* _Task goal_:
Using the material that follows, output exactly the lines from the one containing "Schnürhalbschuh Albin in schwarz" through the one containing "Fajny numer, blacha P7 TOBIK", with both ends kept.

* _Information shown_:
§ §
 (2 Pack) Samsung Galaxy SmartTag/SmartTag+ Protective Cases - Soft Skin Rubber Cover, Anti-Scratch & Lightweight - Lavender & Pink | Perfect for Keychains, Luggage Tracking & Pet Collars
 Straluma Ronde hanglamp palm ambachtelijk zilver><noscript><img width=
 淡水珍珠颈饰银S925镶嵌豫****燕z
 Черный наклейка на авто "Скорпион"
§ §
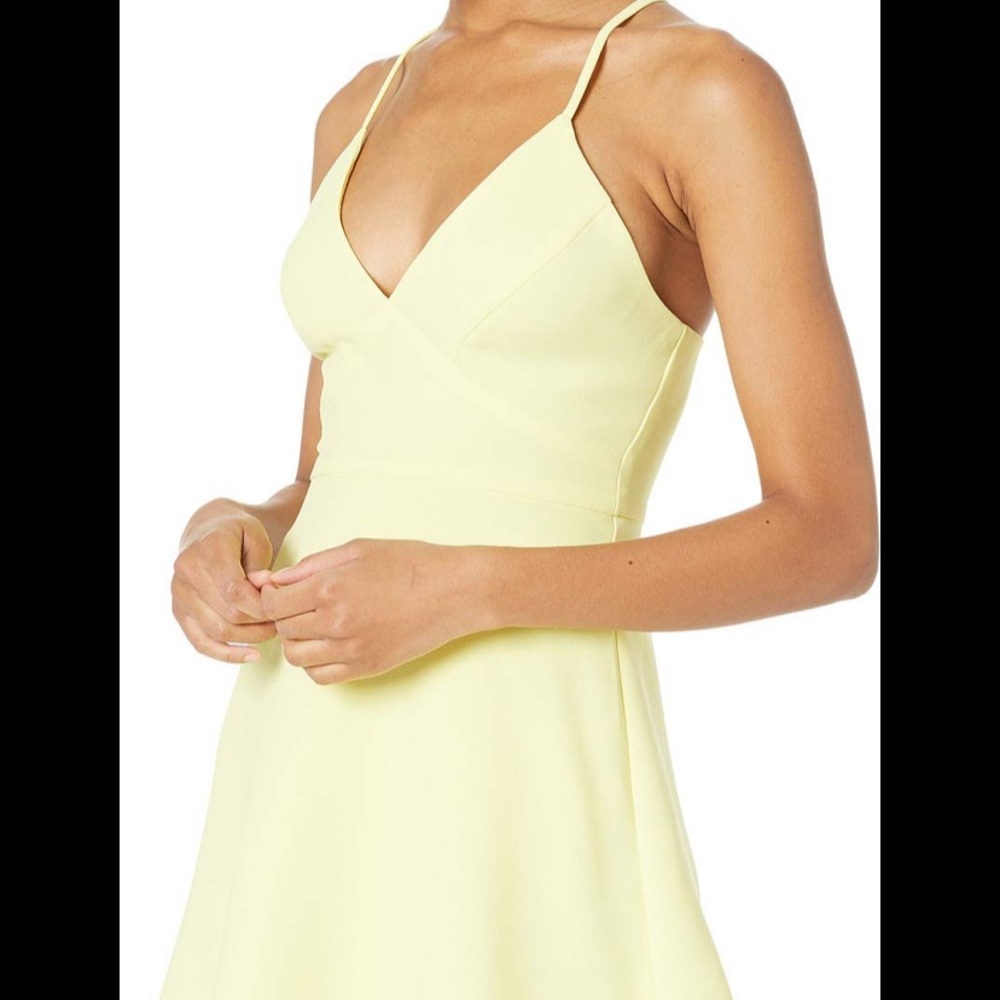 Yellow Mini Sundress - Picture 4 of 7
§ §
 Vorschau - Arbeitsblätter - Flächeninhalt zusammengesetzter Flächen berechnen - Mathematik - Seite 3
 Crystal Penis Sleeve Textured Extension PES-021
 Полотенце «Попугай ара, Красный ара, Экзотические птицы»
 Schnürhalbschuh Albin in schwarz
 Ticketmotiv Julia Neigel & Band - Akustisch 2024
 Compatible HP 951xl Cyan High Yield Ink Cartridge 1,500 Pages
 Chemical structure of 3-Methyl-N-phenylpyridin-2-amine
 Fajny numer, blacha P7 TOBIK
§ §
* _Response area_:
 Schnürhalbschuh Albin in schwarz
 Ticketmotiv Julia Neigel & Band - Akustisch 2024
 Compatible HP 951xl Cyan High Yield Ink Cartridge 1,500 Pages
 Chemical structure of 3-Methyl-N-phenylpyridin-2-amine
 Fajny numer, blacha P7 TOBIK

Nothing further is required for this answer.